Here, [Leu⁰] is the concentration of the Leucine’s neutral form and [Leu⁺] is the concentration of leucine’s fully protonated form.

The concentration of Leucine of the solution is known. The mass balance of leucine in the solution is:

  $\left[{\text{Leu}}^{+}\right]+\left[{\text{Leu}}^0\right]=0.3\text{M}$

The charges of all the species in the solution must also be equivalent. The solution contains four charges species: COO- and NH₃+ of leucine and H+ and Cl- from hydrochloric acid.

$\left[{\text{NH}}_3^{+}\right]+\left[{\text{H}}^{+}\right]=\left[{\text{COO}}^{-}\right]\left[{\text{Cl}}^{-}\right]$

Since the solution is acidic, all the amino groups of leucine are likely to be protonated. This means that NH₃+ is equal to the concentration of leucine. The concentration of leucine and the concentration of chloride ions are both 0.3 M, so $\left[{\text{NH}}_3^{+}\right]$= $\left[{\text{Cl}}^{-}\right]$.

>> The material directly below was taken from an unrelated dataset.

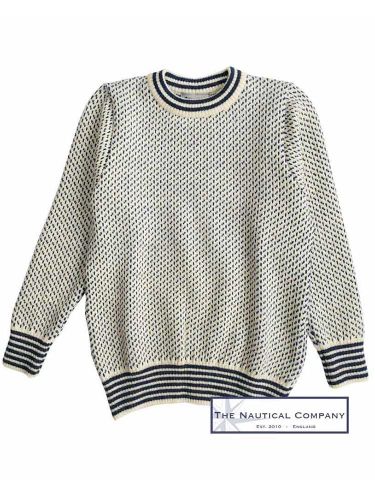 Nordic Crew Neck Sweater, Cream/Navy Blue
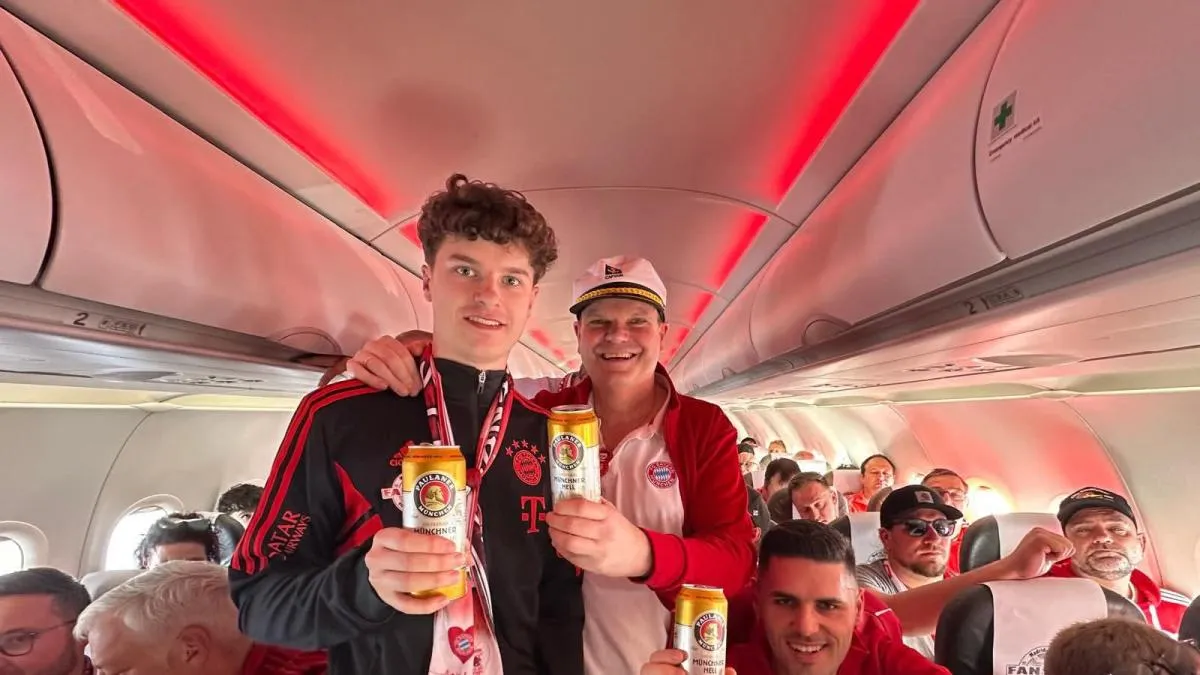 
                                        La ingeniosa idea de una peña del Bayern para viajar a Madrid en avión y con cerveza a mitad de precio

The charge balance equation can now be simplified.

$\left[{\text{H}}^{+}\right]$= $\left[{\text{COO}}^{-}\right]$

The deprotonated carboxyl group will only be present in Leu⁰, so [COO^-] = [Leu⁰]. The mass balance equation can now be rearranged

  $\begin{array}{l}\left[{\text{Leu}}^{+}\right]=0.3\text{M}-\left[{\text{Leu}}^0\right]\\ =0.3\text{M}-\left[{\text{COO}}^{-}\right]\end{array}$

The equation can be substituted into the Henderson-Hasselbalch equation and [H⁺]can be substituted for [COO^-].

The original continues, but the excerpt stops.